Humberto Pinho da Silva
"Ter cultura não é
saber de tudo um pouco; também não é saber muito de um só assunto. É conhecer a
fundo alguns grandes espíritos, alimentar-se deles, assimilá-los." André
Maurois, Carta Aberta a um Jovem, Pórtico Editor.
Para muitos,
principalmente para os que pensam pela cabeça alheia, culto é quem cursou a
Faculdade e é senhor de profundos conhecimentos gerais. Mas, será isso cultura?
Cultura é o que permanece
de leitura realizada durante décadas a fio. Em outras palavras, é o que fica
depois de tudo se ter esquecido.
A memória é, como alguém
disse, a faculdade de esquecer. O subconsciente retém apenas resquícios do que
se aprendeu; tudo, pouco a pouco, se volatiliza.
É vulgar confundir cultura
com erudição. Esta resulta do conhecimento adquirido, geralmente pela leitura,
que permite citar o que os outros pensaram sobre determinada matéria.
Em regra, o erudito
recorre à memória de papel, guardando no livrinho de apontamentos ou
conservando em fichas o que leu, em livros ou nos meios de comunicação.

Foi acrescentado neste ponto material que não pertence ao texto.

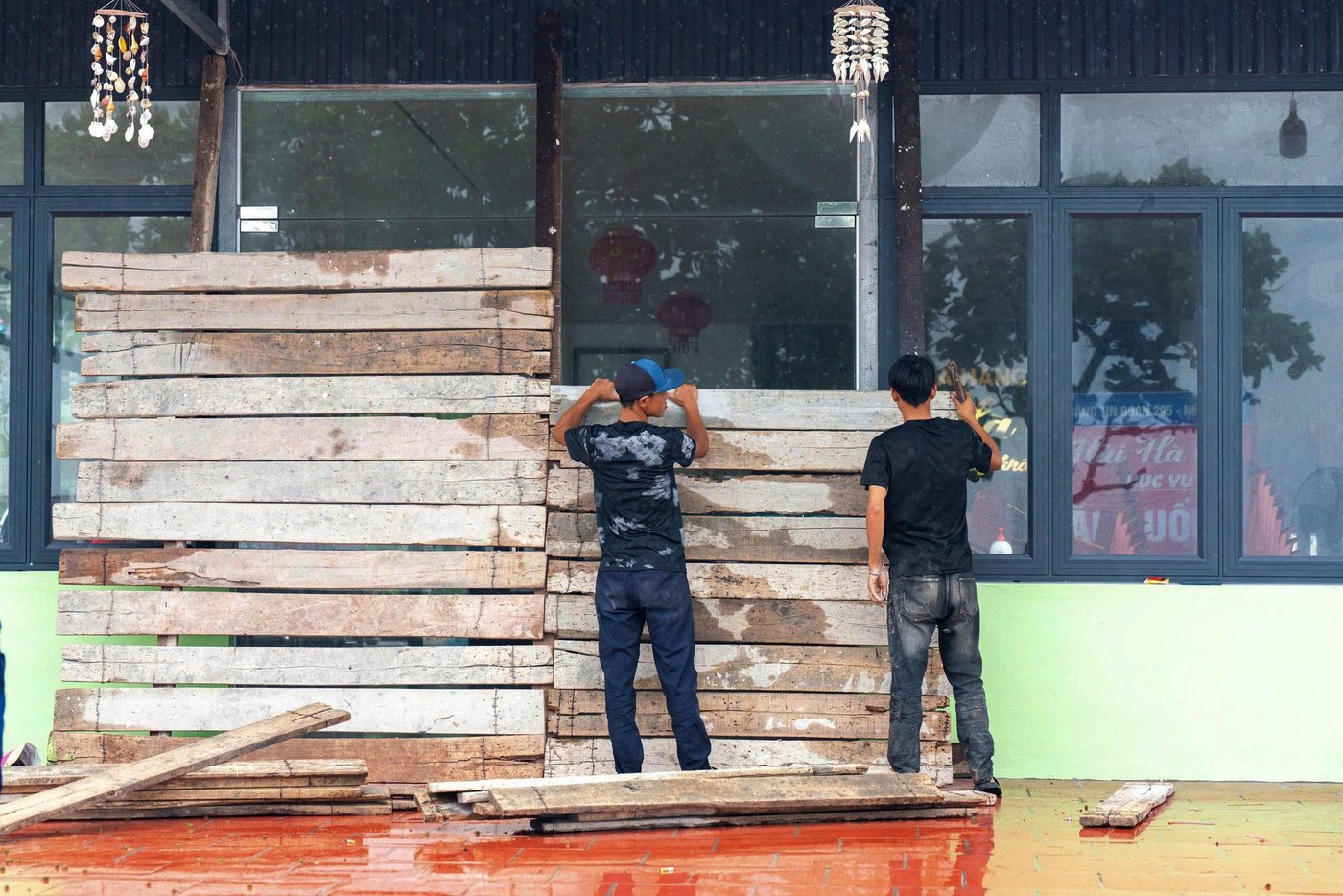 Vietnam races to prepare for Typhoon Wipha as Philippines suffers storm deaths | iNFOnews.ca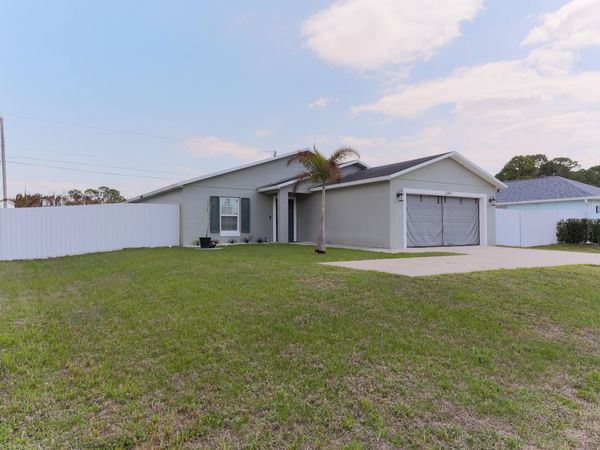 3391 SW Rosser Boulevard, Port St. Lucie, FL 34953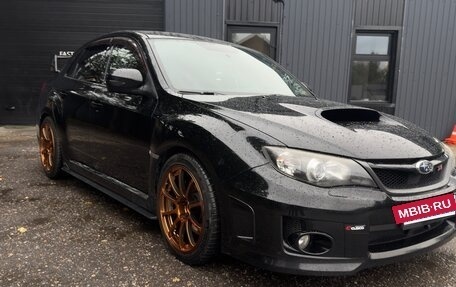 Subaru Impreza WRX STi III, 2010 год, 2 090 000 рублей, 13 фотография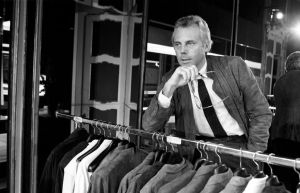 Portrait of the Italian designer Giorgio Armani circa 1970. The designer returns from his 11-year hiatus for the 'One Night Only' Spring 2025 show on Oct. 17 in NYC.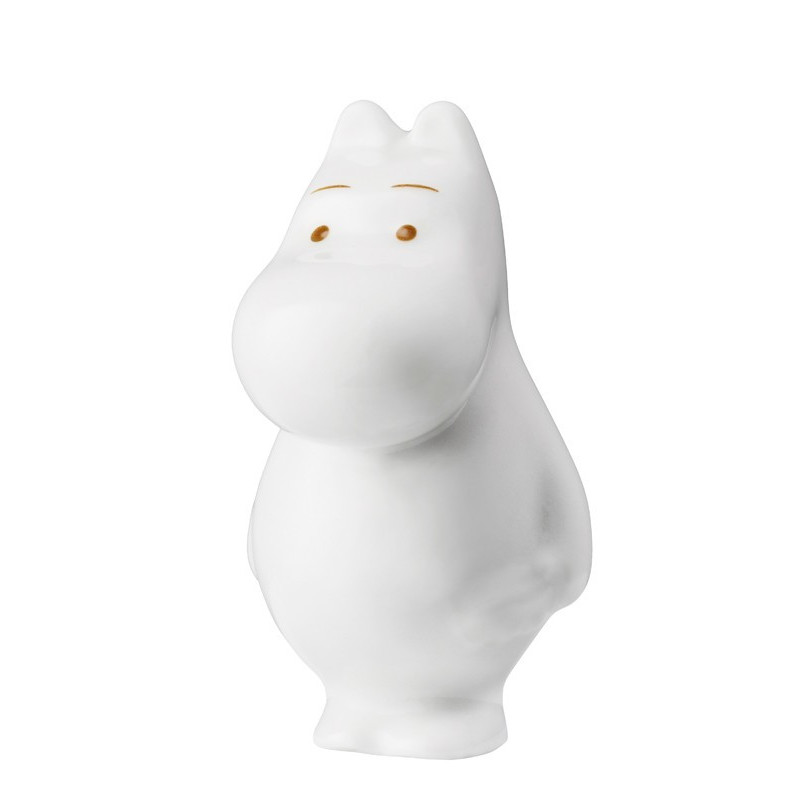 Moomin Ceramic Minifigurines Moomin Troll Seasonal Summer 2017 Arabia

Será realmente possível recordar o que se esqueceu? E se varreu da memória?
É possível. Permanece no
subconsciente a essência, que permite pensar, raciocinar com ponderação. Isso é
cultura.
Ser culto, não é,
portanto, muito saber, muito menos recordar o que se aprendeu; mas saber
utilizar os conhecimentos adquiridos, sem se saber, muito bem como, quando, e
onde foram obtidos.
A cultura não é só obtida
pelo estudo ou pela leitura, provém, igualmente, de tudo que se observou ao
longo da vida.
Ferreira de Castro,
notável escritor, que escreveu parte da sua obra no Brasil, não possuía
qualquer formação académica, para além da escola primária.
Diz Jaime Brasil:
"Que cultura, que experiência tinha Ferreira de Castro quando foi para o
Brasil? Somente a dos pobres livros escolares."
"Quando fez o seu
exame de primeiras letras, deram-lhe, como prêmio, um livro de Eduardo Noronha,
Do Algarve ao Minho em Automóvel. É muito pouco, como cultura, mas o
bastante para alicerçar uma"
E chegado ao Brasil, no sertão, apenas lia o "Almanaque de Lembranças Luso-Brasileiro", emprestado por amigos. Isso não impediu que mais tarde escrevesse os "Emigrantes", curioso romance que é sempre atual.
Concluindo: cultura é o
que fica após tudo se ter esquecido.